» ABOUT THIS TASK
Reproduce each record exactly, leaving nothing out.

*** Block opens ***

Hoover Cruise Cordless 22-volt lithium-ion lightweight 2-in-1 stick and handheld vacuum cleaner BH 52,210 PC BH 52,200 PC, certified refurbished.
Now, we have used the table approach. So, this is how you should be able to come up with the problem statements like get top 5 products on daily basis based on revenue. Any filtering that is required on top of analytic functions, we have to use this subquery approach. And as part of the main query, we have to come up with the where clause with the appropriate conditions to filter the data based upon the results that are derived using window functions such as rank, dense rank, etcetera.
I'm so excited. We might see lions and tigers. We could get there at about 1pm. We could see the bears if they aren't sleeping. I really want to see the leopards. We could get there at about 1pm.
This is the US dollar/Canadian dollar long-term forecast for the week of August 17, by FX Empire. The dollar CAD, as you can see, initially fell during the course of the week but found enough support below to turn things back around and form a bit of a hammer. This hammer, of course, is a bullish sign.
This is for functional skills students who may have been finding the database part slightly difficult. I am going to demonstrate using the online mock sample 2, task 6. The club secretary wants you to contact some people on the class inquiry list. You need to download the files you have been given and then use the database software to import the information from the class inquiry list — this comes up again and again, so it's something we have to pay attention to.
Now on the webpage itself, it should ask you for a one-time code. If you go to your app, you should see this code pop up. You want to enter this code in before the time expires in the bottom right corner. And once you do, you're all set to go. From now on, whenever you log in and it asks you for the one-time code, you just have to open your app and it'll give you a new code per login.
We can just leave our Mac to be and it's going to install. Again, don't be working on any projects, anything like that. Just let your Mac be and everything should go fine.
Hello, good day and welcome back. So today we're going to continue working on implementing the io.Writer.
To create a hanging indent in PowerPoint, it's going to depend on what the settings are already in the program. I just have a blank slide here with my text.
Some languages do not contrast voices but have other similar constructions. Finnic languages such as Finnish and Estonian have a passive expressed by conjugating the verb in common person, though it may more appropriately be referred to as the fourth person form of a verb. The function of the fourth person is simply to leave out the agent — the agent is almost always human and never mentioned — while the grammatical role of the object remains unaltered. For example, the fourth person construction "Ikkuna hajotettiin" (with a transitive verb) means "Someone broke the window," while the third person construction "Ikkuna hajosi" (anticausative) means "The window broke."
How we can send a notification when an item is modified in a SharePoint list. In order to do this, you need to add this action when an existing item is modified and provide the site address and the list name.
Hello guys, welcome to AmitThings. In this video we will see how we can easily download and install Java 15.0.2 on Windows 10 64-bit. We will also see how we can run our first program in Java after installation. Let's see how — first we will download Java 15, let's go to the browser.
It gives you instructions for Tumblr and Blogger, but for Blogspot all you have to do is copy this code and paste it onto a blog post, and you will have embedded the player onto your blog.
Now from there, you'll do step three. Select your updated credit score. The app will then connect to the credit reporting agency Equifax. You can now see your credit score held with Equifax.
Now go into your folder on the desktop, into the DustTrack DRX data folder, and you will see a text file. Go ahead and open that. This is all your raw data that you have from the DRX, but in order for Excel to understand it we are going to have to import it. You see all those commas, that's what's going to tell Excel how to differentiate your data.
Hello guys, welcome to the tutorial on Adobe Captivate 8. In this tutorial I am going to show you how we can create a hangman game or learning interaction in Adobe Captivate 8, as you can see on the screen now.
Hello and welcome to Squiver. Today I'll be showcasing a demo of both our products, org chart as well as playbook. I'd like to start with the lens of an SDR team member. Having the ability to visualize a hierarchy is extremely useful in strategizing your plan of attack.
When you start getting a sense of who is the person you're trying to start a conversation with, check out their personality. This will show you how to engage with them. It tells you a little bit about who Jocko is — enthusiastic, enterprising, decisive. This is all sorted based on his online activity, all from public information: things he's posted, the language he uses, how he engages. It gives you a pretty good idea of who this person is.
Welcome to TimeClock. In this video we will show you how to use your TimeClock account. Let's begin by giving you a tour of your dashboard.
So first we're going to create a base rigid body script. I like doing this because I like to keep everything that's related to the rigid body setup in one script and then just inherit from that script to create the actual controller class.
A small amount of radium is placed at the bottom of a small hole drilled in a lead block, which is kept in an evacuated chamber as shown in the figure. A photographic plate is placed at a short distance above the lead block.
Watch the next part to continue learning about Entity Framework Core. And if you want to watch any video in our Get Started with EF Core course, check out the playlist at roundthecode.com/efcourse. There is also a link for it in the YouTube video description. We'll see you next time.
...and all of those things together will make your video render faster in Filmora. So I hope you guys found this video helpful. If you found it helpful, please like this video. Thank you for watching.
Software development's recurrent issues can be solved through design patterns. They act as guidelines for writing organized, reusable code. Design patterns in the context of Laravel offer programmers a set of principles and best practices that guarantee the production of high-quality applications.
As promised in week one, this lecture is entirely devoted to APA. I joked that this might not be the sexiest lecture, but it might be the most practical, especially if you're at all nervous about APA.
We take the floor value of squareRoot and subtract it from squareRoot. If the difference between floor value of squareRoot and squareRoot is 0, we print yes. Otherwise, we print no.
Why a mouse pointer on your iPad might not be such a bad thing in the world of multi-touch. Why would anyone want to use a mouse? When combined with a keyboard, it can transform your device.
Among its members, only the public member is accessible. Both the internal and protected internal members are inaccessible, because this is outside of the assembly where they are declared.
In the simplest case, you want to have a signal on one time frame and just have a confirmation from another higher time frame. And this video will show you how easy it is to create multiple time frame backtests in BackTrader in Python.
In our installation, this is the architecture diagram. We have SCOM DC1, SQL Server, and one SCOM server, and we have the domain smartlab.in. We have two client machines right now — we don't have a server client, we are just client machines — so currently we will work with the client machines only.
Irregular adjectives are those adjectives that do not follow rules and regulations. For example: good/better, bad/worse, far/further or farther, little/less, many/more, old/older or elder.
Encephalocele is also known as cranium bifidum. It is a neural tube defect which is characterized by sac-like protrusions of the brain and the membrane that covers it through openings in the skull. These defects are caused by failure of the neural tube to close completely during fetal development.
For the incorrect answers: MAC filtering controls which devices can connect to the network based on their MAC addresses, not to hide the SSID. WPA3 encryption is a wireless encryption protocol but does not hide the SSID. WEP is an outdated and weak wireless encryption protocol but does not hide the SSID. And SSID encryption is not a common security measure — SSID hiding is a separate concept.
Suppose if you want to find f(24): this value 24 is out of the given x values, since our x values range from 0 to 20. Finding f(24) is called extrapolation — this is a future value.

*** Block closes ***

» ANSWER BELOW
Hoover Cruise Cordless 22-volt lithium-ion lightweight 2-in-1 stick and handheld vacuum cleaner BH 52,210 PC BH 52,200 PC, certified refurbished.
Now, we have used the table approach. So, this is how you should be able to come up with the problem statements like get top 5 products on daily basis based on revenue. Any filtering that is required on top of analytic functions, we have to use this subquery approach. And as part of the main query, we have to come up with the where clause with the appropriate conditions to filter the data based upon the results that are derived using window functions such as rank, dense rank, etcetera.
I'm so excited. We might see lions and tigers. We could get there at about 1pm. We could see the bears if they aren't sleeping. I really want to see the leopards. We could get there at about 1pm.
This is the US dollar/Canadian dollar long-term forecast for the week of August 17, by FX Empire. The dollar CAD, as you can see, initially fell during the course of the week but found enough support below to turn things back around and form a bit of a hammer. This hammer, of course, is a bullish sign.
This is for functional skills students who may have been finding the database part slightly difficult. I am going to demonstrate using the online mock sample 2, task 6. The club secretary wants you to contact some people on the class inquiry list. You need to download the files you have been given and then use the database software to import the information from the class inquiry list — this comes up again and again, so it's something we have to pay attention to.
Now on the webpage itself, it should ask you for a one-time code. If you go to your app, you should see this code pop up. You want to enter this code in before the time expires in the bottom right corner. And once you do, you're all set to go. From now on, whenever you log in and it asks you for the one-time code, you just have to open your app and it'll give you a new code per login.
We can just leave our Mac to be and it's going to install. Again, don't be working on any projects, anything like that. Just let your Mac be and everything should go fine.
Hello, good day and welcome back. So today we're going to continue working on implementing the io.Writer.
To create a hanging indent in PowerPoint, it's going to depend on what the settings are already in the program. I just have a blank slide here with my text.
Some languages do not contrast voices but have other similar constructions. Finnic languages such as Finnish and Estonian have a passive expressed by conjugating the verb in common person, though it may more appropriately be referred to as the fourth person form of a verb. The function of the fourth person is simply to leave out the agent — the agent is almost always human and never mentioned — while the grammatical role of the object remains unaltered. For example, the fourth person construction "Ikkuna hajotettiin" (with a transitive verb) means "Someone broke the window," while the third person construction "Ikkuna hajosi" (anticausative) means "The window broke."
How we can send a notification when an item is modified in a SharePoint list. In order to do this, you need to add this action when an existing item is modified and provide the site address and the list name.
Hello guys, welcome to AmitThings. In this video we will see how we can easily download and install Java 15.0.2 on Windows 10 64-bit. We will also see how we can run our first program in Java after installation. Let's see how — first we will download Java 15, let's go to the browser.
It gives you instructions for Tumblr and Blogger, but for Blogspot all you have to do is copy this code and paste it onto a blog post, and you will have embedded the player onto your blog.
Now from there, you'll do step three. Select your updated credit score. The app will then connect to the credit reporting agency Equifax. You can now see your credit score held with Equifax.
Now go into your folder on the desktop, into the DustTrack DRX data folder, and you will see a text file. Go ahead and open that. This is all your raw data that you have from the DRX, but in order for Excel to understand it we are going to have to import it. You see all those commas, that's what's going to tell Excel how to differentiate your data.
Hello guys, welcome to the tutorial on Adobe Captivate 8. In this tutorial I am going to show you how we can create a hangman game or learning interaction in Adobe Captivate 8, as you can see on the screen now.
Hello and welcome to Squiver. Today I'll be showcasing a demo of both our products, org chart as well as playbook. I'd like to start with the lens of an SDR team member. Having the ability to visualize a hierarchy is extremely useful in strategizing your plan of attack.
When you start getting a sense of who is the person you're trying to start a conversation with, check out their personality. This will show you how to engage with them. It tells you a little bit about who Jocko is — enthusiastic, enterprising, decisive. This is all sorted based on his online activity, all from public information: things he's posted, the language he uses, how he engages. It gives you a pretty good idea of who this person is.
Welcome to TimeClock. In this video we will show you how to use your TimeClock account. Let's begin by giving you a tour of your dashboard.
So first we're going to create a base rigid body script. I like doing this because I like to keep everything that's related to the rigid body setup in one script and then just inherit from that script to create the actual controller class.
A small amount of radium is placed at the bottom of a small hole drilled in a lead block, which is kept in an evacuated chamber as shown in the figure. A photographic plate is placed at a short distance above the lead block.
Watch the next part to continue learning about Entity Framework Core. And if you want to watch any video in our Get Started with EF Core course, check out the playlist at roundthecode.com/efcourse. There is also a link for it in the YouTube video description. We'll see you next time.
...and all of those things together will make your video render faster in Filmora. So I hope you guys found this video helpful. If you found it helpful, please like this video. Thank you for watching.
Software development's recurrent issues can be solved through design patterns. They act as guidelines for writing organized, reusable code. Design patterns in the context of Laravel offer programmers a set of principles and best practices that guarantee the production of high-quality applications.
As promised in week one, this lecture is entirely devoted to APA. I joked that this might not be the sexiest lecture, but it might be the most practical, especially if you're at all nervous about APA.
We take the floor value of squareRoot and subtract it from squareRoot. If the difference between floor value of squareRoot and squareRoot is 0, we print yes. Otherwise, we print no.
Why a mouse pointer on your iPad might not be such a bad thing in the world of multi-touch. Why would anyone want to use a mouse? When combined with a keyboard, it can transform your device.
Among its members, only the public member is accessible. Both the internal and protected internal members are inaccessible, because this is outside of the assembly where they are declared.
In the simplest case, you want to have a signal on one time frame and just have a confirmation from another higher time frame. And this video will show you how easy it is to create multiple time frame backtests in BackTrader in Python.
In our installation, this is the architecture diagram. We have SCOM DC1, SQL Server, and one SCOM server, and we have the domain smartlab.in. We have two client machines right now — we don't have a server client, we are just client machines — so currently we will work with the client machines only.
Irregular adjectives are those adjectives that do not follow rules and regulations. For example: good/better, bad/worse, far/further or farther, little/less, many/more, old/older or elder.
Encephalocele is also known as cranium bifidum. It is a neural tube defect which is characterized by sac-like protrusions of the brain and the membrane that covers it through openings in the skull. These defects are caused by failure of the neural tube to close completely during fetal development.
For the incorrect answers: MAC filtering controls which devices can connect to the network based on their MAC addresses, not to hide the SSID. WPA3 encryption is a wireless encryption protocol but does not hide the SSID. WEP is an outdated and weak wireless encryption protocol but does not hide the SSID. And SSID encryption is not a common security measure — SSID hiding is a separate concept.
Suppose if you want to find f(24): this value 24 is out of the given x values, since our x values range from 0 to 20. Finding f(24) is called extrapolation — this is a future value.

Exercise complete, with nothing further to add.